Once you get the hang of it, the game reveals itself to be a unique hybrid of styles and moods.

At first glance, Sentinel Returns makes no sense at all. We looked at what appeared to be an early beta several months ago and couldn't make heads or tails of it. It seemed like the engine didn't even allow for movement. You could push buttons to make giant silver triangles appear or disappear, and likewise with grotesque fleshy dirt clods and featureless statues with disembodied heads. Oh well, we figured it was just an early build, with nothing solid realized yet. When we received the finished version, it was almost identical. What the...? Now there were spectacular shifting clouds of foreign gasses and a terrifically eerie score, but you still couldn't move? What gives?

While confusing at first, it's actually a fairly straightforward game. In Sentinel Returns, topography is everything, and elevation equals power. You begin the game at a low altitude in a world of perpetual night, checkerboard plateaus, and inhospitable mountainsides. You don't move. Instead you instantaneously create and destroy various objects on the plateau. You can only absorb or create an object if you are above the square on which it resides. That's the key thing and the most difficult to pick up initially. You have a limited amount of energy, so anything you don't need, you must reabsorb. You get around by creating "robot hosts" and teleporting into them. You can also create boulders and place the hosts on them, so that they're higher. Thus, the basics of gameplay are to create a stack of one-to-three boulders, with a robot host on top. Teleport into the robot host. Then absorb the old one (you'll need the energy). From your new vantage point, you should be high enough to create a robot host on the next plateau - without any boulders underneath, using less energy. Do so and absorb the old host and the stack of boulders. You now have as much energy as when you started but are higher and therefore more powerful.

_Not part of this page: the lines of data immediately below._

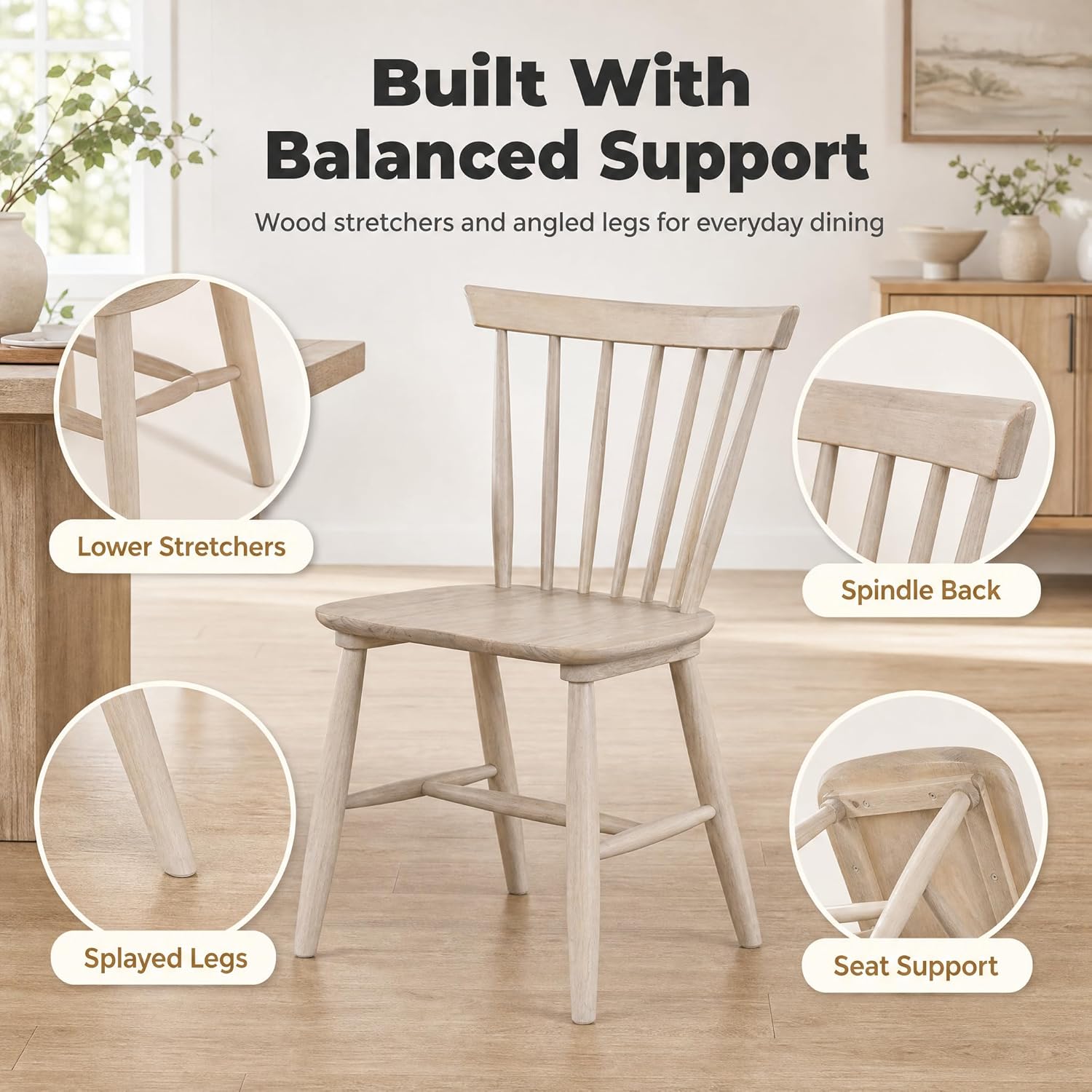 Stella Mia Dining Chairs Set of 2, 100% Solid Wood Spindle Back Kitchen Dining Room Chairs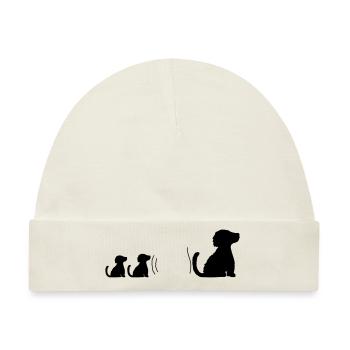 Familie brave sitzende Hunde - Baby Premium Organic Mütze - Naturweiß - Vorne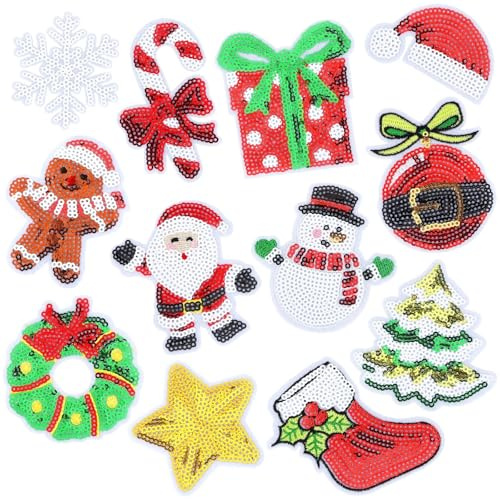 12 Stück Weihnachten Bügelbilder Pailletten Xmas bestickt Nähen Applikation Reparatur Patch Glitzer Weihnachtsmann Weihnachtsbaum Zuckerstange DIY Handwerk für Kleidung Jacke Jeans Hosen Kleid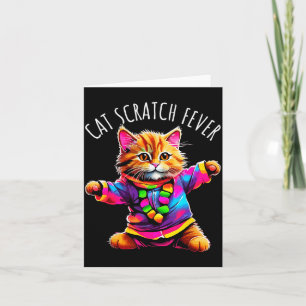 Cat Scratch Fever Funny Cute Colorful Dancing Cat  Card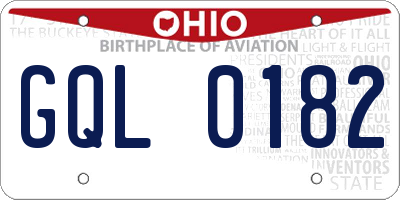 OH license plate GQL0182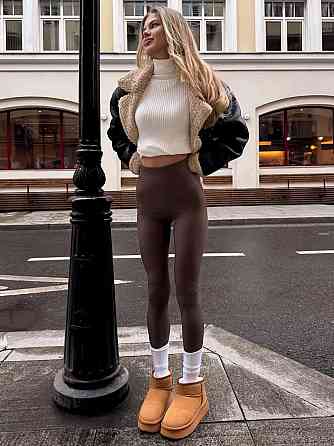 Женские теплые базовые лосины без боковых швов турецкий рубчик на флисе Шоколад, 46/48 Одесса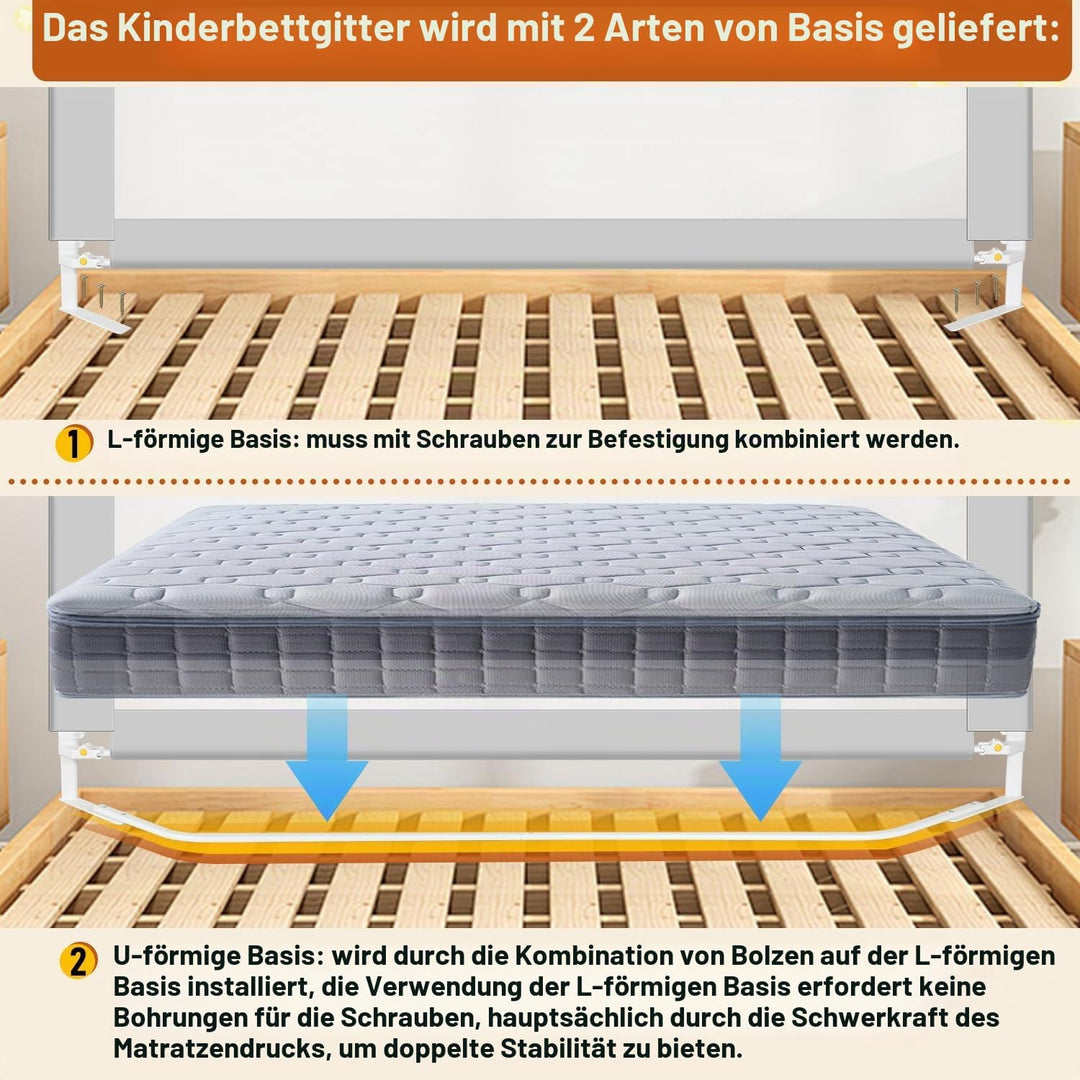 2x200cm+1x150cm Bettgitter Rausfallschutz, Klappbare Bettschutzgitter mit U-förmige Füsse, Kinderbet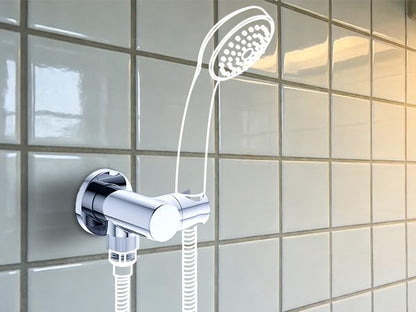 Bathroom Brass Round Water Supply Elbows Angle Adjustable Wall Mount Hand Held Shower Head Bracket with On/Off Flow Control Holder, Chrome - color: Chrome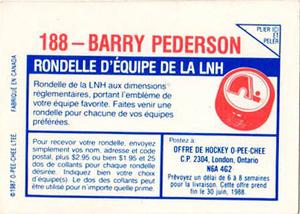 1987-88 O-Pee-Chee Stickers #188 Barry Pederson Back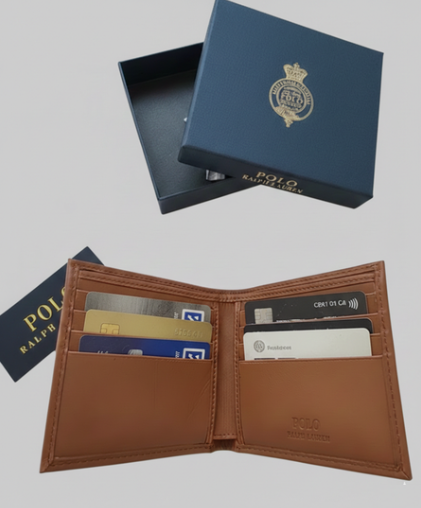 Portafoglio in pelle Polo Ralph Lauren – Marrone cammello – Logo in rilievo – 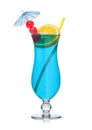 Blue lagoon cocktail classic glass with straw and orange slice with sweet cherry and umbrella on white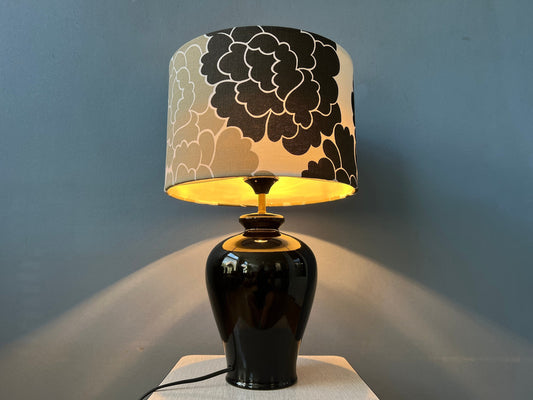 Small Space Age Table Lamp with Porcelain Base and Black and White Flower Shade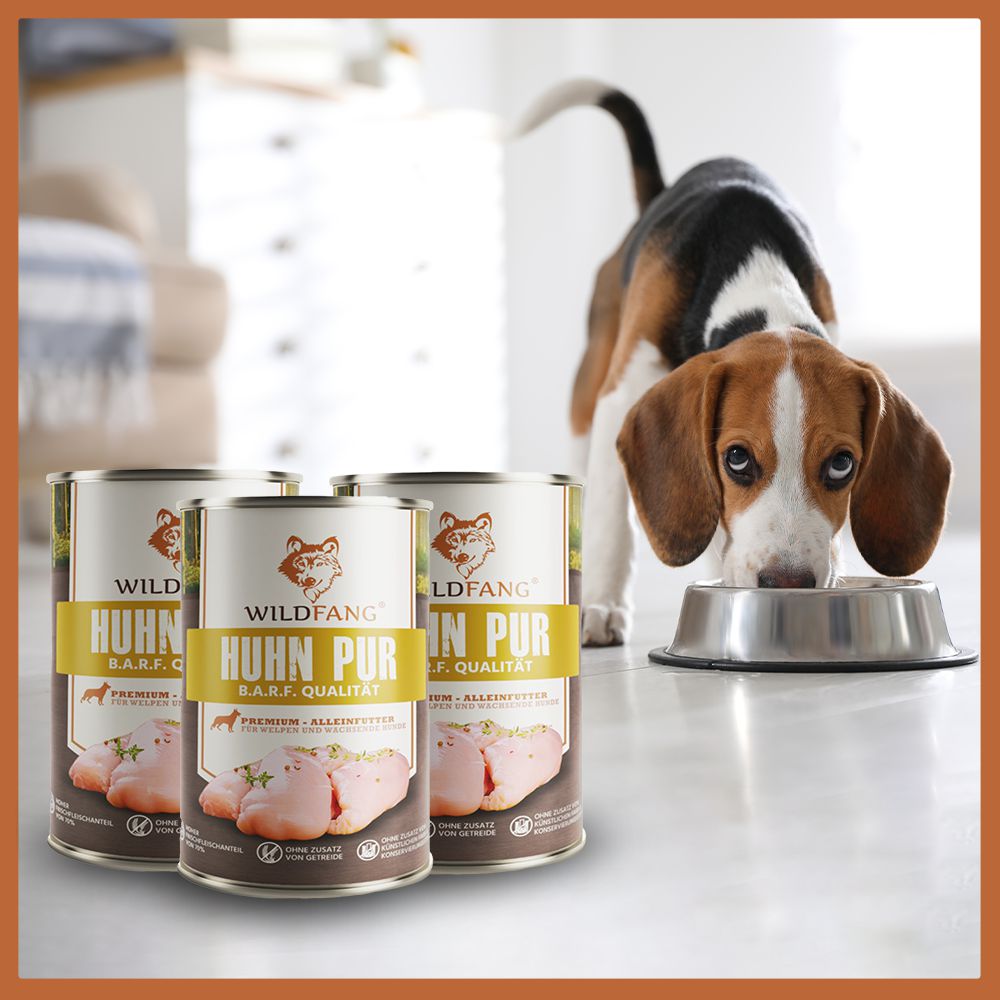 Nassfutter Huhn pur - BARF Qualität - 6er Set-Hundefutter-Wildfang-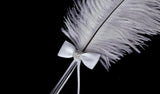 Maxbell Wedding Bridal Party White Ostrich Quill Feather Guest Book Signing Pen Bowknot - Aladdin Shoppers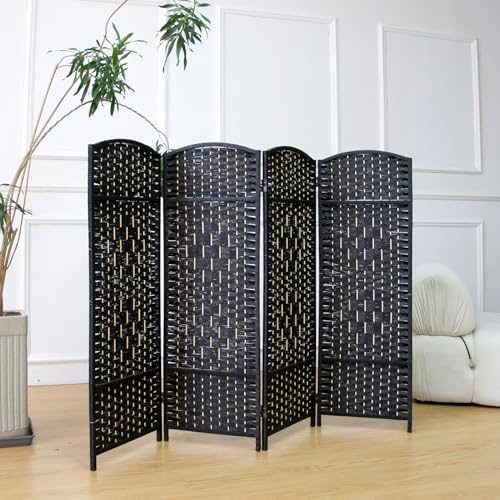 4-Panel Short Room Divider, 3.9 ft Freestanding Partition Wall, Natural Black Rattan Double-Sided Folding Screen for Living Room, Bedroom & Corner Privacy - Image 4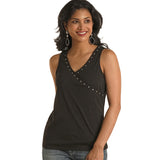 Women's Black Studded Tank -Shirt is sewn different need picture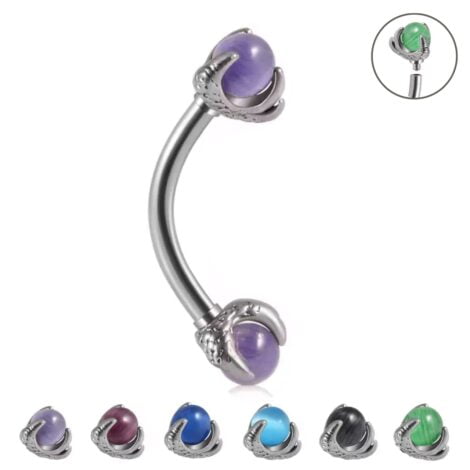 Dragon’s Talon Stone Eyebrow Daith Curved Barbell
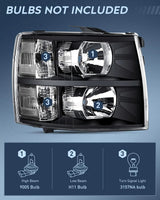 Nilight 2007 2008 2009 2010 2011 2012 2013 Chevy Silverado 1500 2007 2008 2009 2010 2011 2012 2013 2014 Silverado 2500HD 3500HD Headlight Assembly Black Case Clear Reflector, view 2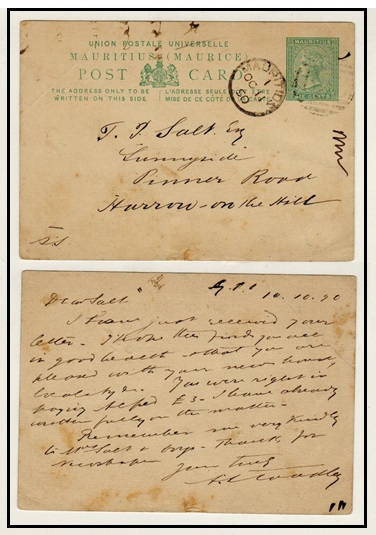 MAURITIUS - 1879 6c green PSC to UK struck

Powerful? In what sense? Well, the higher you are, the more metallic trees you can absorb from the landscape for energy (go figure). Beyond that, your goal in all this is to destroy the Sentinel, a strange hybrid of fleshy colossus, abstract sculpture, and gun tower. Destroy him, and advance to the next level. To do so, you must (you guessed it) attain a higher elevation than his. This is a dangerous proposition, though, since the higher you are the less protected you are from his gaze, which is slowly rotating in place, scanning the level with a 28-degree field of vision. Inside this invisible field, your energy is rapidly drained. Once your energy is gone, you're dead. Sounds easy, right? Twenty-eight degrees. No big deal. Wrong. At later levels there are multiple clones of the Sentinel to deal with, and the odds of survival decrease exponentially. Add that to later levels' increasingly barren environments, and there's really nowhere to hide.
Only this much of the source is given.